Zhang Shu-Wen, Zhang Ning-Ning, Zhu Wen-Wen, Liu Tian, Lv Jia-Yu, Jiang Wen-Tao, Zhang Ya-Min, Song Tian-Qiang, Zhang Li, Xie Yan, Zhou Yong-He, Lu Wei
Department of Hepatobiliary Oncology, Liver Cancer Center, National Clinical Research Center for Cancer, Key Laboratory of Cancer Prevention and Therapy, Tianjin's Clinical Research Center for Cancer, Tianjin Medical University Cancer Institute and Hospital, Tianjin Medical University, Tianjin, China.
Department of Hepatology, Tianjin Third Central Hospital, Tianjin, China.
Front Oncol. 2022 Jul 22;12:946531. doi: 10.3389/fonc.2022.946531. eCollection 2022.
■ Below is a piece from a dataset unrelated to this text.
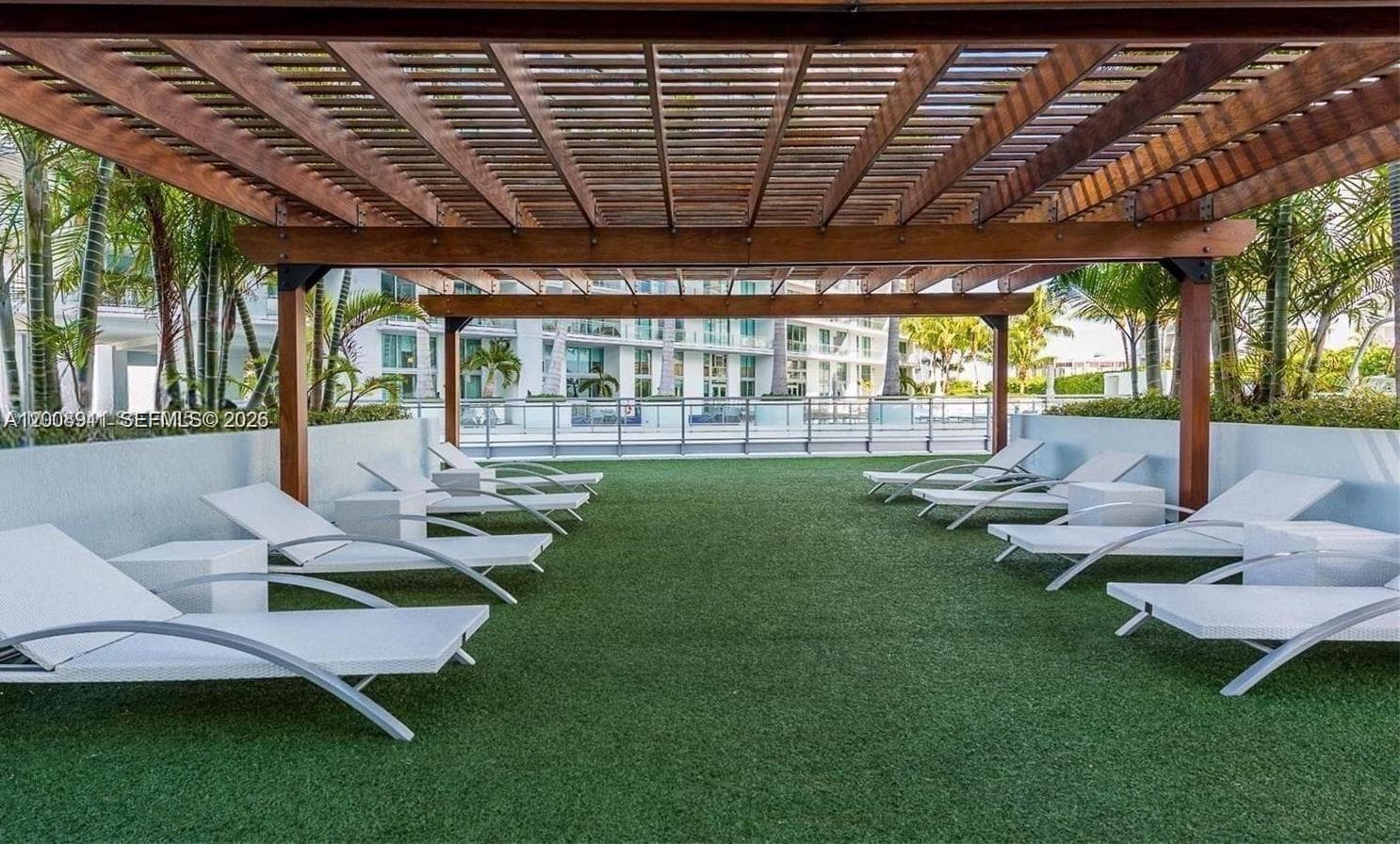 92 SW 3rd St # 2510, Miami FL 33130 — 18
Treatments for patients with early-stage hepatocellular carcinoma (HCC) include liver transplantation (LT), liver resection (LR), radiofrequency ablation (RFA), and microwave ablation (MWA), are critical for their long-term survival. However, a computational model predicting treatment-independent prognosis of patients with HCC, such as overall survival (OS) and recurrence-free survival (RFS), is yet to be developed, to our best knowledge. The goal of this study is to identify prognostic factors associated with OS and RFS in patients with HCC and develop nomograms to predict them, respectively.
We retrospectively retrieved 730 patients with HCC from three hospitals in China and followed them up for 3 and 5 years after invasive treatment. All enrolled patients were randomly divided into the training cohort and the validation cohort with a 7:3 ratio, respectively. Independent prognostic factors associated with OS and RFS were determined by the multivariate Cox regression analysis. Two nomogram prognostic models were built and evaluated by concordance index (C-index), calibration curves, area under the receiver operating characteristics (ROC) curve, time-dependent area under the ROC curve (AUC), the Kaplan-Meier survival curve, and decision curve analyses (DCAs), respectively.
Prognostic factors for OS and RFS were identified, and nomograms were successfully built. Calibration discrimination was good for both the OS and RFS nomogram prediction models (C-index: 0.750 and 0.746, respectively). For both nomograms, the AUC demonstrated outstanding predictive performance; the DCA shows that the model has good decision ability; and the calibration curve demonstrated strong predictive power. The nomograms successfully discriminated high-risk and low-risk patients with HCC associated with OS and RFS.
We developed nomogram survival prediction models to predict the prognosis of HCC after invasive treatment with acceptable accuracies in both training and independent testing cohorts. The models may have clinical values in guiding the selection of clinical treatment strategies.
早期肝细胞癌(HCC)患者的治疗方法包括肝移植(LT)、肝切除术(LR)、射频消融(RFA)和微波消融(MWA),这些对患者的长期生存至关重要。然而,据我们所知,尚未开发出一种能够预测HCC患者独立于治疗的预后情况的计算模型,如总生存期(OS)和无复发生存期(RFS)。本研究的目的是确定与HCC患者OS和RFS相关的预后因素,并分别建立列线图来预测它们。
我们回顾性地从中国的三家医院中检索了730例HCC患者,并在侵入性治疗后对他们进行了3年和5年的随访。所有纳入的患者分别以7:3的比例随机分为训练队列和验证队列。通过多变量Cox回归分析确定与OS和RFS相关的独立预后因素。分别构建了两个列线图预后模型,并通过一致性指数(C-index)、校准曲线、受试者操作特征曲线(ROC)下面积、ROC曲线的时间依赖性面积(AUC)、Kaplan-Meier生存曲线和决策曲线分析(DCA)进行评估。
确定了OS和RFS的预后因素,并成功构建了列线图。校准鉴别对于OS和RFS列线图预测模型都很好(C-index分别为0.750和0.746)。对于这两个列线图,AUC显示出出色的预测性能;DCA表明该模型具有良好的决策能力;校准曲线显示出强大的预测能力。列线图成功地区分了与OS和RFS相关的HCC高危和低危患者。
我们开发了列线图生存预测模型,以预测侵入性治疗后HCC的预后,在训练队列和独立测试队列中均具有可接受的准确性。这些模型在指导临床治疗策略的选择方面可能具有临床价值。